Wednesday, February 14, 2018

Review - Musketeers #1 (@zenescope)


"The book of fables chose you three, to activate your dormant highborn heritage. The next choice is yours."

The Three Musketeers prided themselves on their teamwork and camaraderie, working flawlessly together to get out tough spots. That relationship is what allowed them to endure and in Musketeers #1 from Zenescope Entertainment that relationship is put through its paces. The issue is written by Terry Kavanagh, illustrated by Daniel Maine, colored by Bryan Valenza and lettered by Taylor Esposito.

A group of super-powered beings calling themselves the Musketeers has emerged in Philadelphia. Using their powers to help those in trouble - as well as giving themselves a lifestyle befitting champions - the line between hero and villain is easily blurred. While the team sees their actions as justified, the city's police force has their own ideas... ones that will see the Musketeers locked away.

Kavanagh is sort of walking a tightrope in the issue as he's introducing a new team while at the same time tying that team into the Zenescope universe at large. In that regard, he acquits himself well, very simply telling the reader who each character is, what their powers are and how they play into the larger story.
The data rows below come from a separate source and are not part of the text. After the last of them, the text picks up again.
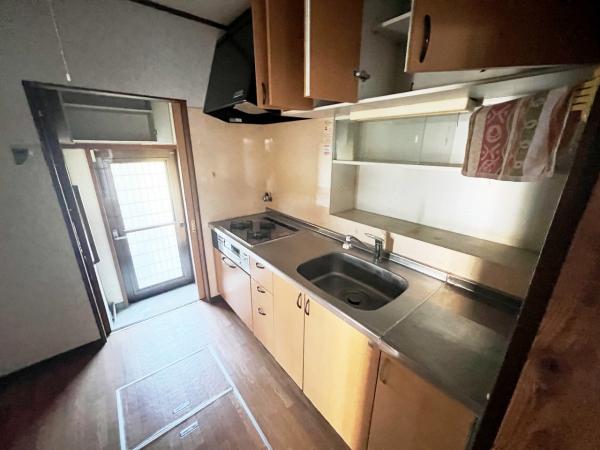 小田原市鴨宮 中古戸建 キッチン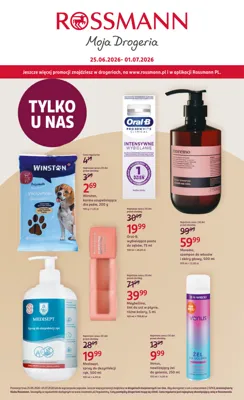 Rossmann gazetka - od 25/06/2026 do 01/07/2026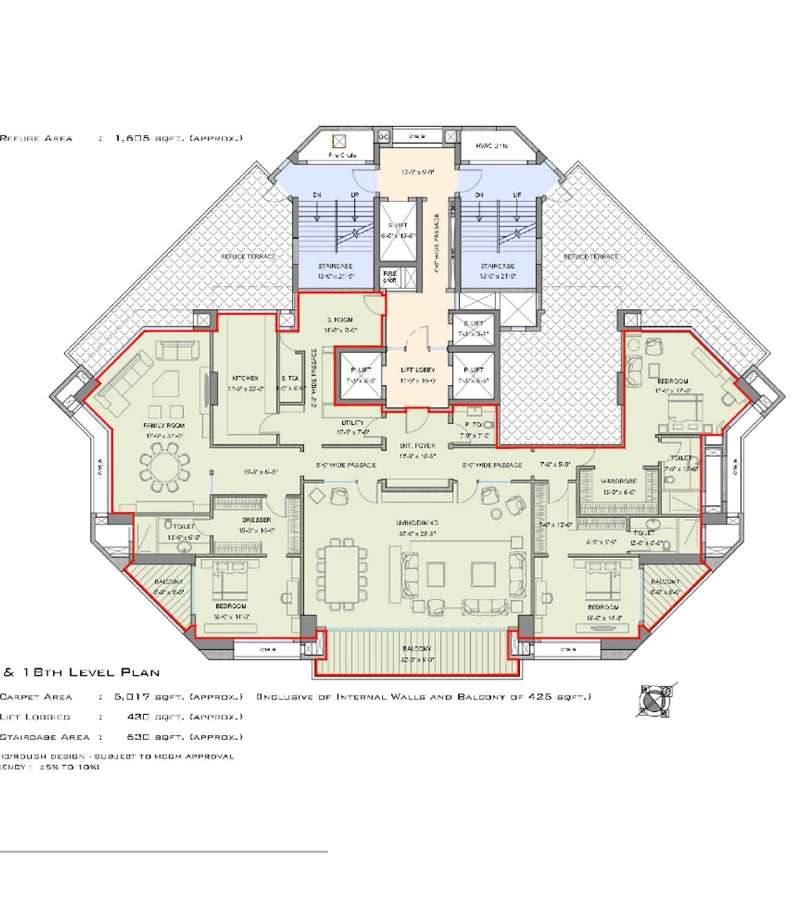 4 - Ceejay The Residences, Worli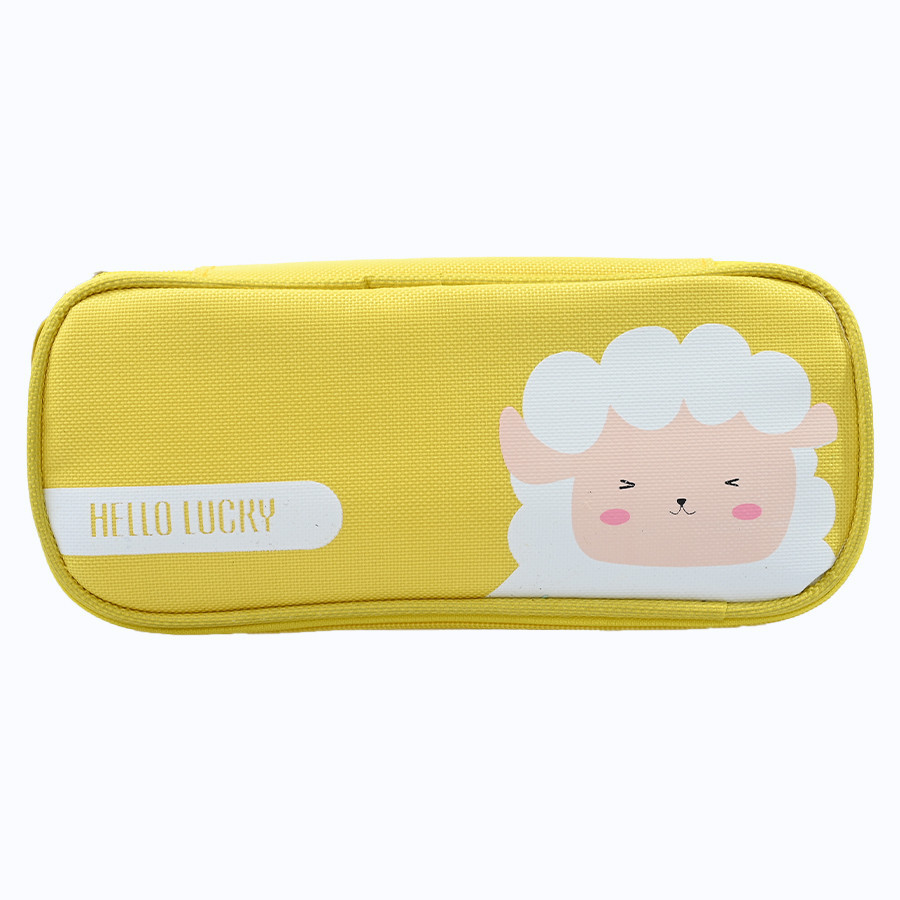 

Rambla - Bunny & Klin Tempat Pensil Motif Animal Face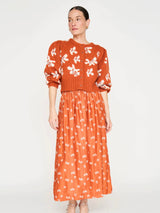 Mirth Verona Skirt in Burnt Iris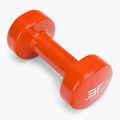 Ganteră din vinil Bauer Fitness 5 kg portocalie AC-1406 2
There are some interpersonal dynamics at play in the issue for sure, but Kavanagh still keeps the pace up throughout. The dialogue is a little cheesy at points, offering pretty simple jokes to carry the humor. The end of the issue has enough of a surprise in it as well that will keep readers coming back for at least the second issue.

The style of art chosen by Maine is pretty straightforward in its approach. The characters are rendered with thin, clean lines that outline the characters without paying too much attention to the facial expressions and details. Maine's work stands out a bit more in his panel arrangement/layouts, in that there's not really a set layout for each of the pages. The variety and arrangement of panels gives the book some breathing room and Maine uses that to his advantage to keep up with the pace of the action. Valenza's colors are skewed towards red and blues in a way that effectively demonstrates the dichotomy between the forces of good and evil at play.

Musketeers #1 is a new entry in the Zenescope universe, even if the players and plot feel familiar. The Musketeers are tasked with both recognizing their newfound powers and learning to use them. Kavanagh's script is a pretty easy read and hits all the expository notes necessary for establishing the series. Maine's illustrations are a good fit for the tone of the book and keep up with the action well. Musketeers #1 is worth reading if you want to get even more Zenescope lore, mashing up two familiar properties into one.

Musketeers #1 is available February 21.